How do you choose your holidays? Are you someone who likes to return to a place of beloved memories or do you prefer to explore different places to make new ones? For me it depends on how adventurous or curious I am feeling. And to be fair also just how busy life has been. Whether we go for a buzzy city break in a familiar favourite like New York, or find somewhere warm with a pool, near a white sandy beach or both, there’s always one common consideration, the food.
This time, when we were planning our two-week break, we decided to try somewhere neither of us had been. My husband and I are both fans of Fred Sirieix, particularly enjoying his Remarkable Places to Eat series. Inspired by his visit to Northern Spain, with its culinary reputation beckoning, we thought why not make food the consideration. In anticipation of big birthdays on the horizon for us both this year, we went the whole hog and booked not one, but two Michelin starred restaurants for that extra special foodie experience.
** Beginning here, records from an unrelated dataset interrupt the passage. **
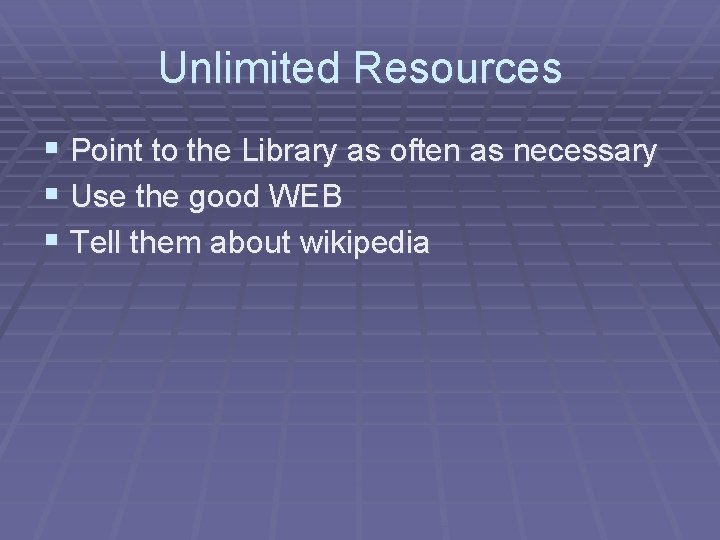 Unlimited Resources § Point to the Library as often as necessary § Use the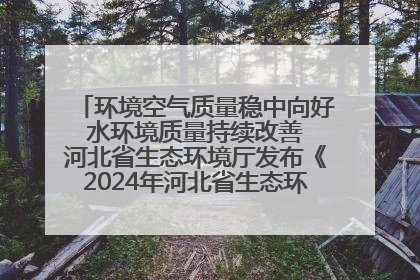环境空气质量稳中向好 水环境质量持续改善 河北省生态环境厅发布《2024年河北省生态环境状况公报》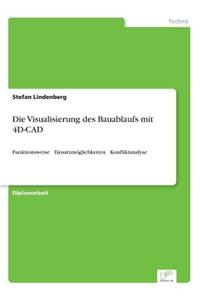 Visualisierung des Bauablaufs mit 4D-CAD: Funktionsweise - Einsatzmöglichkeiten - Konfliktanalyse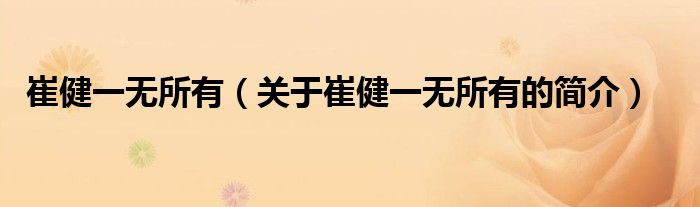 崔健一無(wú)所有（關(guān)于崔健一無(wú)所有的簡(jiǎn)介）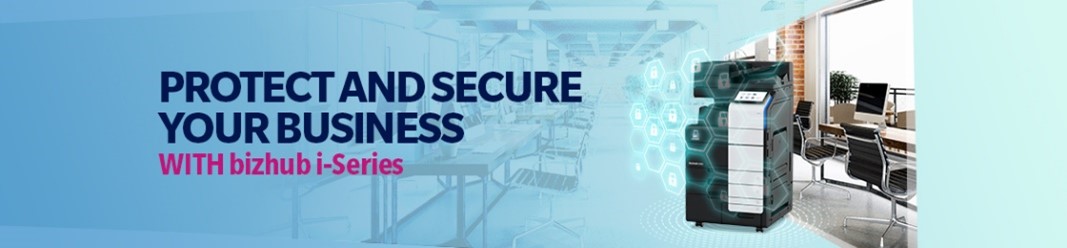 PROTECT AND SECURE YOUR BUSINESS WITH BIZHUB I-SERIES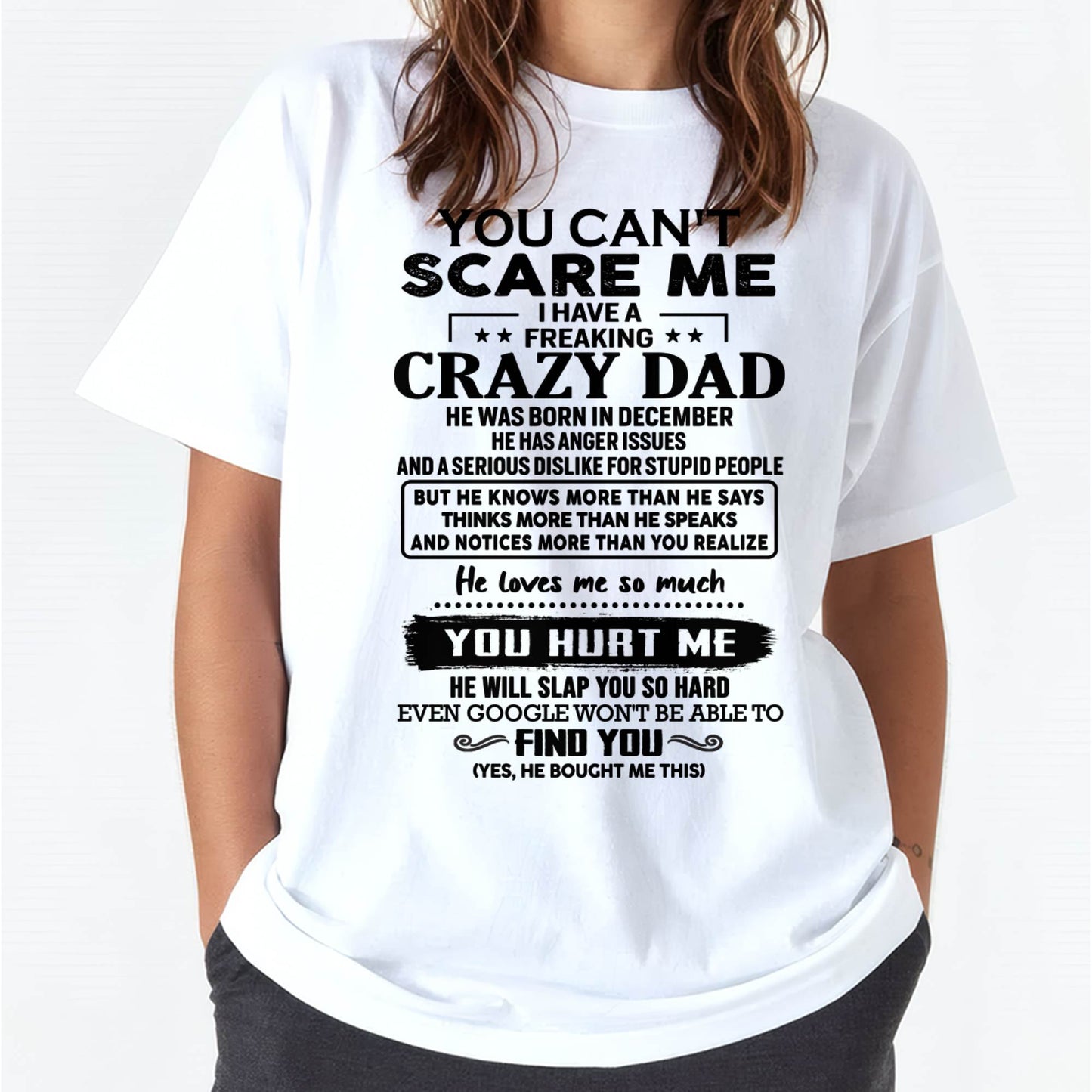 December - You Can’t Scare Me I Have a Freaking Crazy Dad T-Shirt - Gift From Dad - LUNA12 (SKU10-178-12)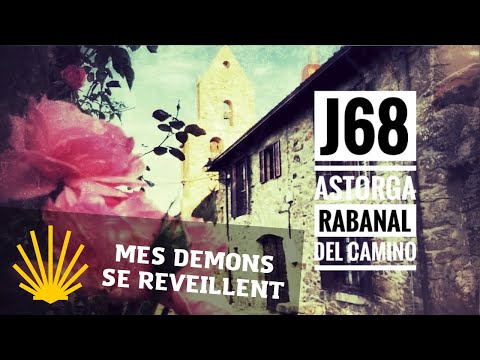 Chemin de Compostelle J68 - Astorga - Rabanal del camino - J’emmène vos rêves au bout du monde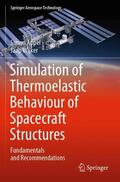 Wijker / Appel |  Simulation of Thermoelastic Behaviour of Spacecraft Structures | Buch |  Sack Fachmedien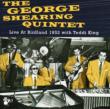 George Shearing Quintet Live At Birdland 1952 With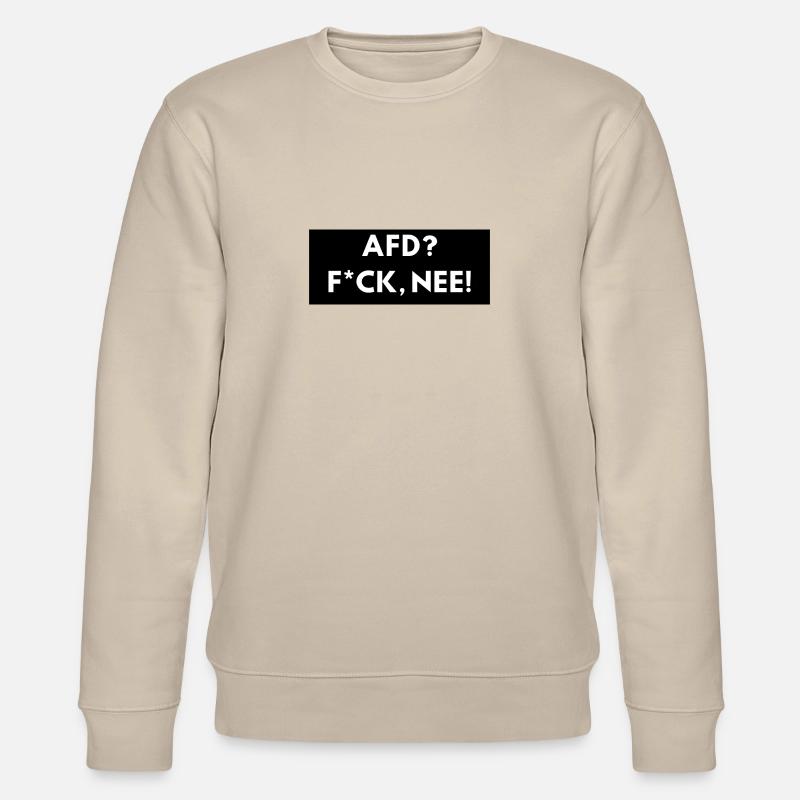 AFD? F*ck, nee! - Stanley/Stella Unisex Bio-Sweatshirt CHANGER  - Beige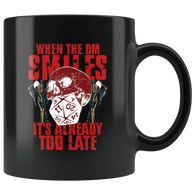 When The DM Smiles It's Already Too Late Mug - Funny D&D D20 RPG Coffee Cup - Luxurious Inspirations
View across the river – Bilbao
Bilbao’s Skyline and Spirals
As we flew into Bilbao for our first week, I had no idea what to expect. Much like starting a new book where I ignore the blurb and dive straight into reading the story itself, I much prefer to let events unfold and views appear. Our taxi from the airport approached the city through the verdant mountains. It felt like we were at the top of a helter-skelter, spiralling down in ever decreasing circles. More and more buildings came into view, clinging to the slopes in clusters before the man-made structures dominated the skyline and lined themselves up in orderly rows on the banks of the river.
Our hotel sat on the other side of the water, near one of the many bridges close to the old town and opposite the indoor food market, the flavours of which were something we intended to savour later in the week. That first evening we headed for a Pintxos bar in the main square, one which had been highly rated on Tripadvisor. Whilst it can be a little hit and miss to rely on other people’s opinions, after a long day of travelling we were hungry and thirsty, so a popular place seemed like a good option. We rounded the corner through a pillared opening to be hit by a wall of voices bouncing round the covered cloister-like corridors. It was a Saturday evening, packed with locals and tourists alike. Inside, even more bodies jostled to order food at the bar. We nabbed a table outside, under the large parasols, which extended out and borrowed space from the cobbled square, and ordered a Pintxos selection and beers.
Pintxos 101
For the un-initiated Pintxos are a Basque speciality, a bit like a mouthful of tapas loaded onto chunky slices of baguette. We ordered far too many and as they came without labels it was a lucky dip as to what we were eating. This became a bit of a theme for the week but as we gradually became more accustomed to the traditions, ingredients and flavours we settled into this different more informal way of dining out.
Views, Downpours and Downtime

Skies above the square in Bilbao
The weather was mixed; hot, humid, cooler some days. Bright blue skies then rain-laden, threatening charcoal clouds with thunder rolling in the distance. On one occasion we were almost caught by a storm, eating at another restaurant in the square. This time we were the wrong side of the parasol when the rain arrived. Our friendly fellow diners squished up so that we could shuffle under the shade and keep our spot. It was worth it; the food was delicious.
We contemplated a trip to the sea, less than 8 kilometres away beyond the mountains, but instead spent our chillout time reading books* by the rooftop pool, or sipping spritzes from the bar and drinking in the panoramic views of the city below. We took a trip up the funicular railway on one of the sunnier days for even more breathtaking views and visited the spectacular Guggenheim Museum via a short tram ride on one of the hottest days (a great way to get out of the heat, or the rain to be fair.) Photo’s of the building do not do the architecture or the permanent flower dog sculpture outside the entrance justice.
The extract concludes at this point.